Records excerpted from a collection
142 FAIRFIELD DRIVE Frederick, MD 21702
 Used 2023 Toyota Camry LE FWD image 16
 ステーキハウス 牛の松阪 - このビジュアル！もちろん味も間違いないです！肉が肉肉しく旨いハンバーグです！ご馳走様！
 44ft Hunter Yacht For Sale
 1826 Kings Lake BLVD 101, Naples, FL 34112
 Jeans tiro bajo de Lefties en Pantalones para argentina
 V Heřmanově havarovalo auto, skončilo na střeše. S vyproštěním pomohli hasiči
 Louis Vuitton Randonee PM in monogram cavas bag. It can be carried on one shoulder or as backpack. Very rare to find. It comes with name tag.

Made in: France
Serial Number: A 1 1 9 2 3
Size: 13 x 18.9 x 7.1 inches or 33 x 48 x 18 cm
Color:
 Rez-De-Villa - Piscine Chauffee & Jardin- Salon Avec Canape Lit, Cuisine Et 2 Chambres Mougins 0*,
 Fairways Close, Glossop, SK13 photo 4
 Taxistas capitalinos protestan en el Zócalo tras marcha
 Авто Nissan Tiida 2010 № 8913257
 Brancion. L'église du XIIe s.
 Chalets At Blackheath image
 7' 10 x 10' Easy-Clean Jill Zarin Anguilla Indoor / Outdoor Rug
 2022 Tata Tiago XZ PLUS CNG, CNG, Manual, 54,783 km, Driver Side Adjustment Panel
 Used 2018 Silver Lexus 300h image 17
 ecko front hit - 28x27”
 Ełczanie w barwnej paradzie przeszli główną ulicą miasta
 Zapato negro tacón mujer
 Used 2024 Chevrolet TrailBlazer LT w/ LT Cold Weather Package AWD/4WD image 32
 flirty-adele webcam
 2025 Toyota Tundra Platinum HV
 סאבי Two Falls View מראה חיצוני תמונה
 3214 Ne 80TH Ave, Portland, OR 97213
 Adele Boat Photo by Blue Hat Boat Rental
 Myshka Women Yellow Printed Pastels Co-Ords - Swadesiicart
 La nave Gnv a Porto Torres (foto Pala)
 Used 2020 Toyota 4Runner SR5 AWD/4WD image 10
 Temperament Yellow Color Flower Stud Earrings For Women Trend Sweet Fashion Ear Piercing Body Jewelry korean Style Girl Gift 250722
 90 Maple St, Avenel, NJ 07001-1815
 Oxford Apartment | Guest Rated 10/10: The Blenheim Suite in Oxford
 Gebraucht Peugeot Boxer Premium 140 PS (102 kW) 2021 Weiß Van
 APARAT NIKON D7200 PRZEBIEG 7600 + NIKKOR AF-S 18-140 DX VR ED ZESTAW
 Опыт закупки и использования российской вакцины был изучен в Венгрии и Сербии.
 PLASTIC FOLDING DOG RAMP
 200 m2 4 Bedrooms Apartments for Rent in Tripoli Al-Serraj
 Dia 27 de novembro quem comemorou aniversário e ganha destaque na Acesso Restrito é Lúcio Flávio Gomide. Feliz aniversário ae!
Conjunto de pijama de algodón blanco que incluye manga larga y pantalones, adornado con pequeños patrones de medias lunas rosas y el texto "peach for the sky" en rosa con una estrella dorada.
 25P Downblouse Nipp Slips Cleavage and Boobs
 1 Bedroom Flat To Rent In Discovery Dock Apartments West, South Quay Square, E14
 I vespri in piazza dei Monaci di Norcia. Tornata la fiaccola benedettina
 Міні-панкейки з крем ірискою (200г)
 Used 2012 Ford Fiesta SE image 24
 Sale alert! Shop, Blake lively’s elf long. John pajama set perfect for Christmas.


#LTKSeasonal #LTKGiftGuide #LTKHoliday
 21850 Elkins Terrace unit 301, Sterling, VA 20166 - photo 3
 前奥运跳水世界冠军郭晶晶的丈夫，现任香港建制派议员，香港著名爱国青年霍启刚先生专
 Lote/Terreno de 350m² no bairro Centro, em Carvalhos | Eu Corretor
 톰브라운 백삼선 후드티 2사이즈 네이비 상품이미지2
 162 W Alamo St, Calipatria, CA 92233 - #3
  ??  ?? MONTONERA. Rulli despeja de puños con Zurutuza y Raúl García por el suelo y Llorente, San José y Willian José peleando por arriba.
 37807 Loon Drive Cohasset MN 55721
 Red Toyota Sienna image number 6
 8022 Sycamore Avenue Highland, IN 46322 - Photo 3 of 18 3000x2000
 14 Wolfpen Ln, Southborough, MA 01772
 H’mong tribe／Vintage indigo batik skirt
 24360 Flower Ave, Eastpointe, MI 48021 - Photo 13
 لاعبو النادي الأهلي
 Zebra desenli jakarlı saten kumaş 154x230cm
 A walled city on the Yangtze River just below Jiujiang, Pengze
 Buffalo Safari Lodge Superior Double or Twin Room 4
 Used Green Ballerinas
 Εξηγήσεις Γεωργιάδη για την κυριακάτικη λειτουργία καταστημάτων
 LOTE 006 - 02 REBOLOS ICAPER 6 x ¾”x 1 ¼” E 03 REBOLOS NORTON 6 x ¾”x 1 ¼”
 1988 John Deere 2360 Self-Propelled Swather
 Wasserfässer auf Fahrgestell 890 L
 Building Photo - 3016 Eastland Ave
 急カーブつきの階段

**What the exercise asks:**
The expected answer is every line in the data above that carries the string "Toyota".

**Exercise solution:**
 Used 2023 Toyota Camry LE FWD image 16
 2025 Toyota Tundra Platinum HV
 Used 2020 Toyota 4Runner SR5 AWD/4WD image 10
 Red Toyota Sienna image number 6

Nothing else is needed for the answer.